Clearly $l(P) > 0$, since $k \subset L(P)$. On the other hand, $l(P) > 1$ would imply that there exists $x \in k(X)$ such that $x$ has a simple pole at $P$, and no other poles. But this would imply that the map $$ x: X \rightarrow \Bbb{P}^1 $$ is an isomorphism, which is a contradiction. Thus $l(P)=1$.
Here is an elementary solution in a very special case. It assumes that the curve is already embedded in the plane using a Weierstrass-like equation, so you can't use it to later prove that every elliptic curve can be given by a Weierstrass equation, but perhaps it will still be instructive.
We assume the base field is of characteristic $0$ and algebraically closed. Suppose $E$ is the projective curve in $\mathbb{P}^2$ defined by the following equation in $\mathbb{A}^2$, $$y^2 = (x - \lambda_1)(x - \lambda_2)(x - \lambda_3)$$ where $\lambda_1, \lambda_2, \lambda_3$ are non-zero and distinct.

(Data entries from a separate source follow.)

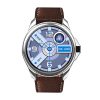 Ceas inteligent Blitzwolf BW-AT3 (piele maro)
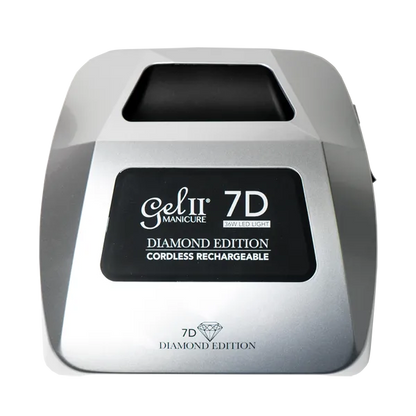 Gel II UV/LED CORDLESS Rechargable Lamp, 7D Diamond
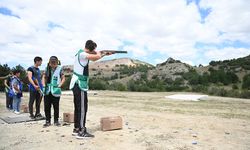 Trap yarışlarında ödüller sahiplerini buldu 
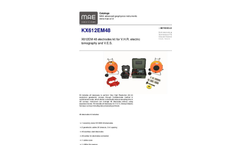 MAE - Model KX612EM48 - 48 Electrodes Kit - Datasheet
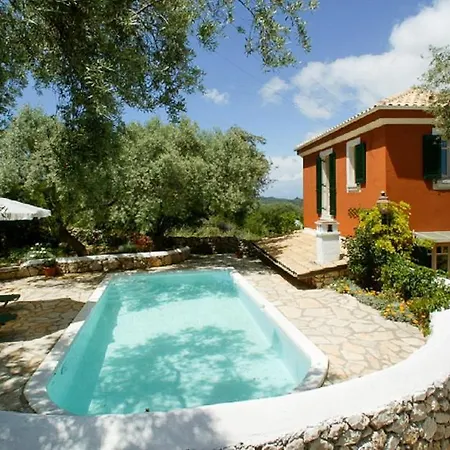 Katouna Sleeps 5 With Pool Air Con And Wifi Villa Lygia (Lefkada)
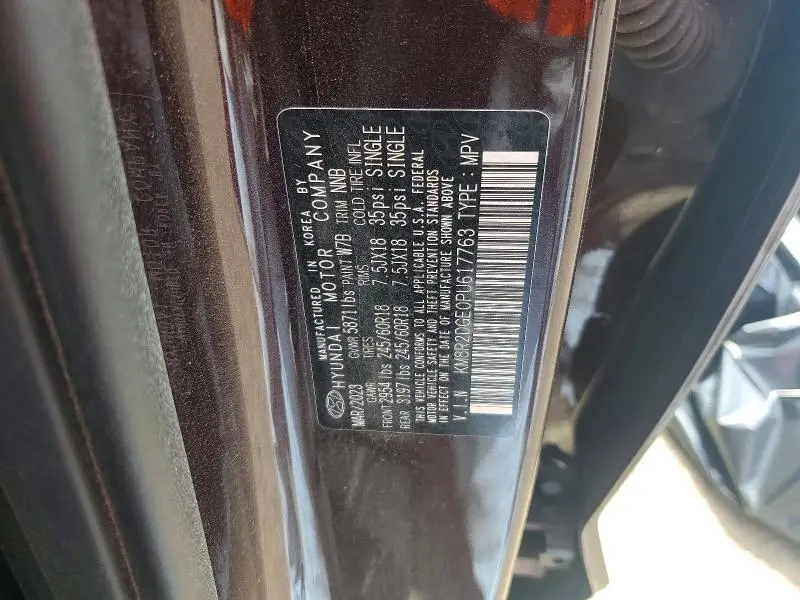2023 HYUNDAI PALISADE SEL  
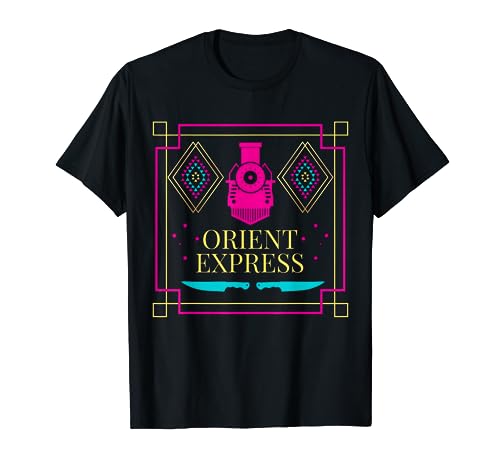 POIROT ORIENT EXPRESS Camiseta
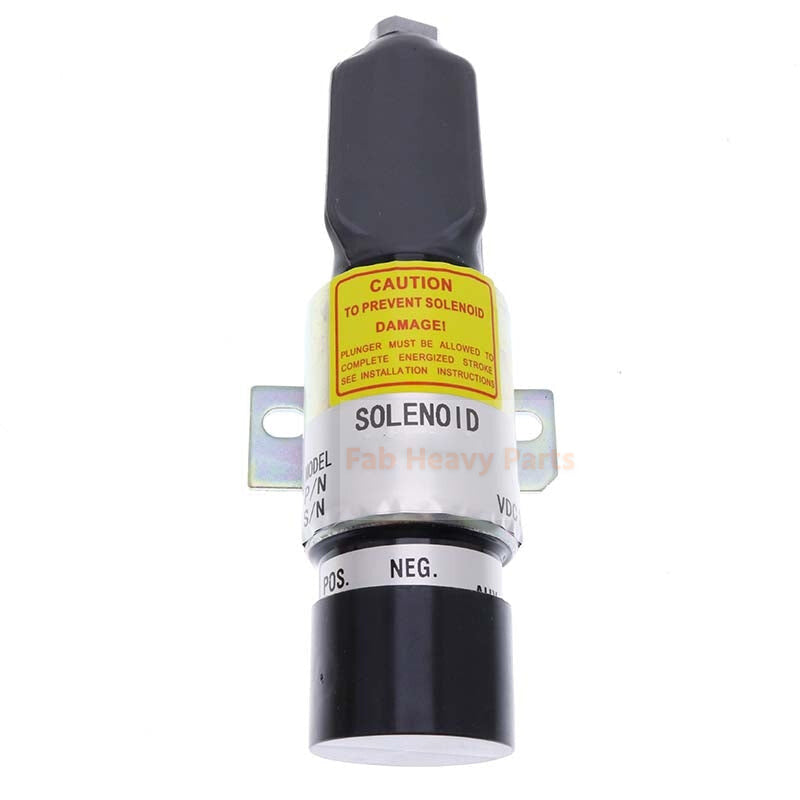 Diesel Shut Down Solenoid 1751-12E7U2B1 SA-3911 Fits for Woodward 12V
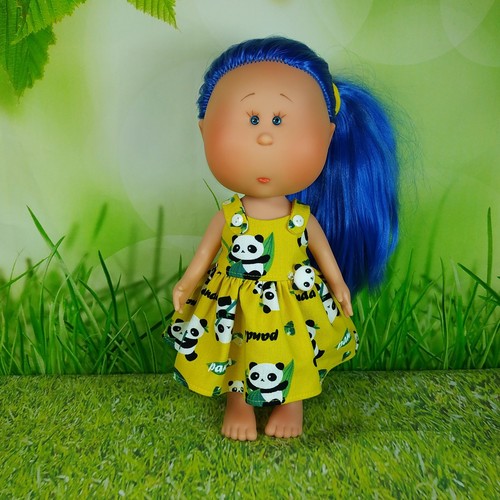 Bambola vestita mia di - vestita, 12''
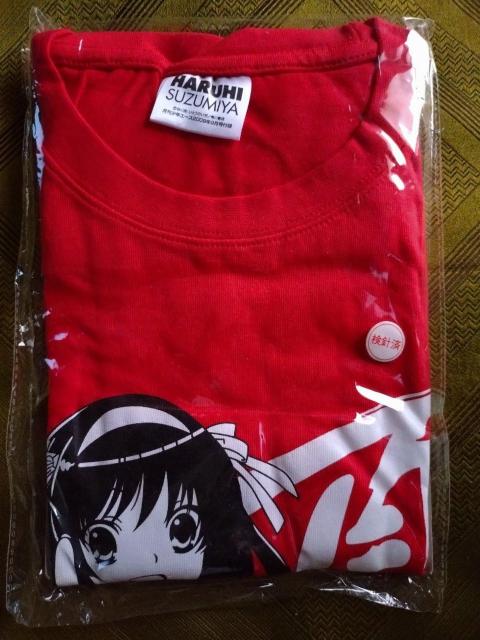 涼宮ハルヒ Tシャツ < アニメ/コミック/キャラクター  涼宮ハルヒ Tシャツ < アニメ/コミック/キャラクターの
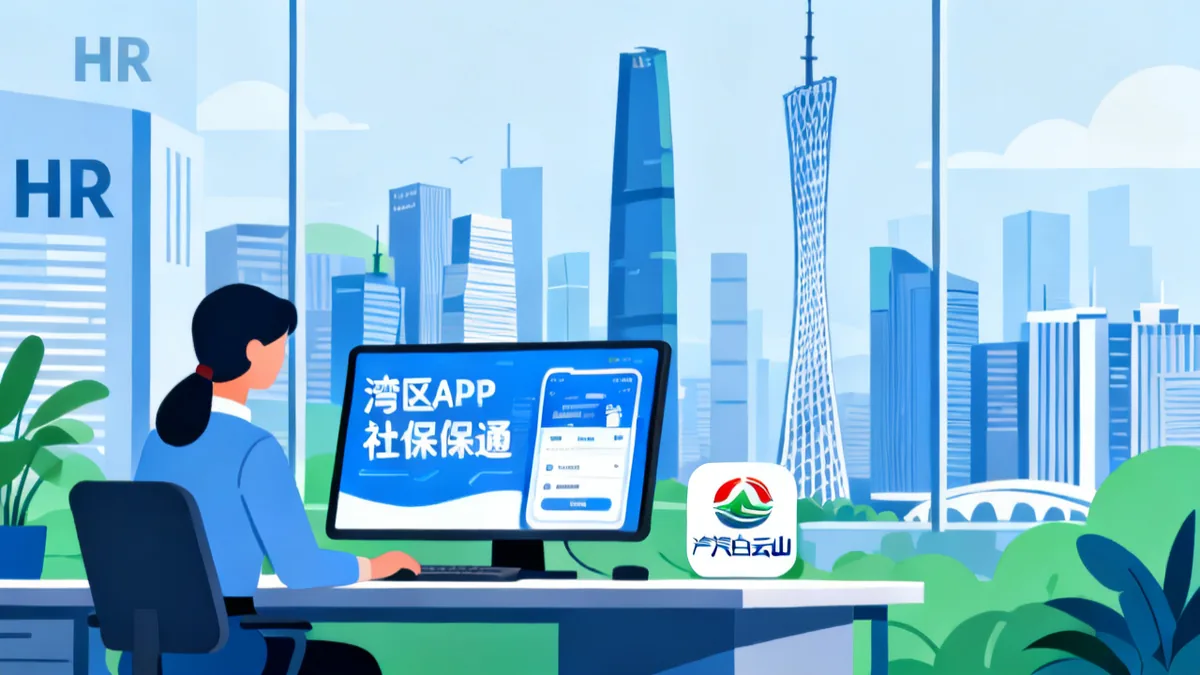 广州企业HR专员社保 2026 广州社保经办 完整指南 广州HR专员参保 五险一金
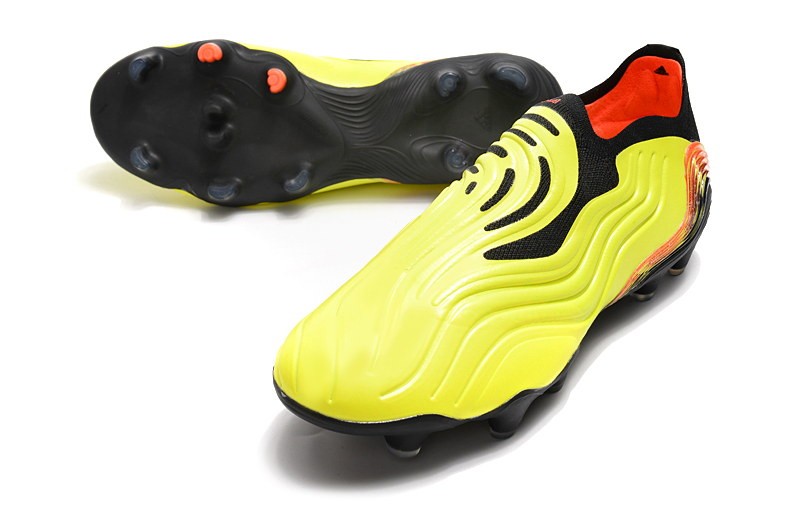 Adidas Copa Sense+ FG 'Game Data' - Yellow/Red/Core Black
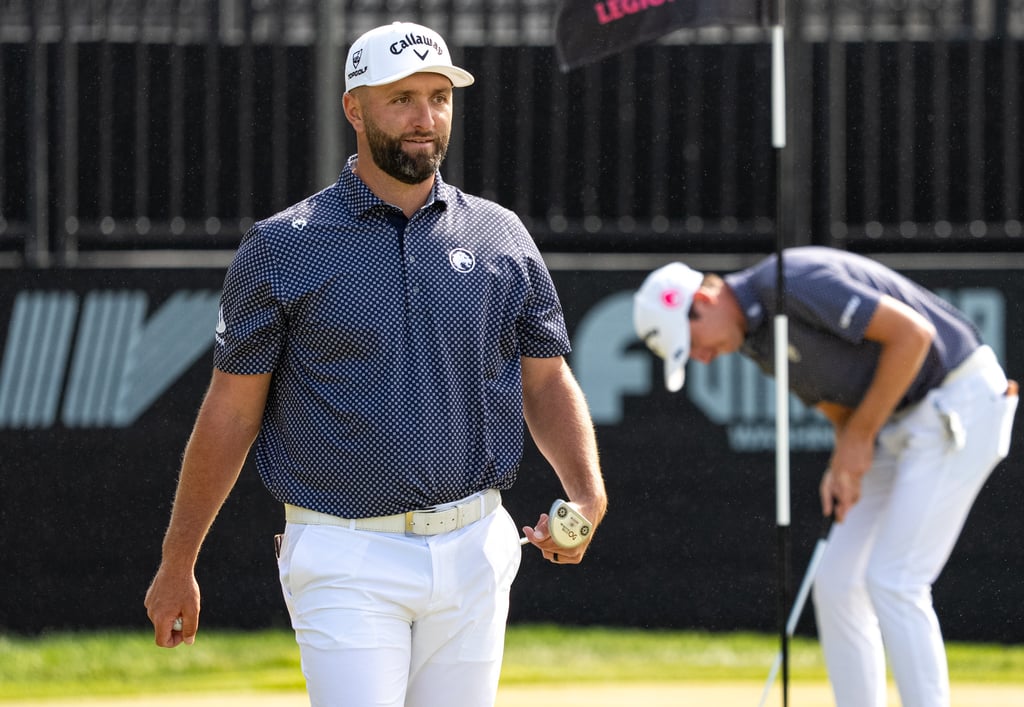 Jon Rahm prepares for LIV Golf Virginia at Trump DC (Photo: LIV Golf)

It can be shown that $E$ is a smooth curve with a unique point at infinity, namely $P = (0 : 0 : 1)$. As Nils Matthes has indicated, to show that $\ell (n P) = n$ for all $n \ge 1$, it suffices to prove the case $n = 1$.
Suppose, for a contradiction, that $\ell (P) > 1$. We know that for all divisors $D$, $\ell (D) \le \deg D + 1$, so that means $\ell (P) = 2$, and so there is some non-constant rational function $t$ such that $L (P)$ is spanned by $1$ and $t$. Moreover, $t$ has a simple pole at $P$ (and nowhere else), so $t^n$ has a pole of order $n$ at $P$ (and nowhere else). As such, $L (n P)$ is spanned by $1, t, \ldots, t^n$. However, we know that $y$ is in $L (2 P)$ and $x$ is in $L (3 P)$, so that means, for some constants, \begin{align} x & = a_0 + a_1 t + a_2 t^2 \\ y & = b_0 + b_1 t + b_2 t^2 + b_3 t^3 \end{align} and by rescaling $t$ if necessary, we may assume that $a_2 = b_3 = 1$. (Note that $a_2^3 = b_3^2$.) We may also complete the square to assume that $a_1 = 0$. But then substituting into the original equation, we get $$(b_0 + b_1 t + b_2 t^2 + t^3)^2 = (t^2 + a_0 - \lambda_1) (t^2 + a_0 - \lambda_2) (t^2 + a_0 - \lambda_3)$$ which is impossible, since the RHS has six distinct zeros.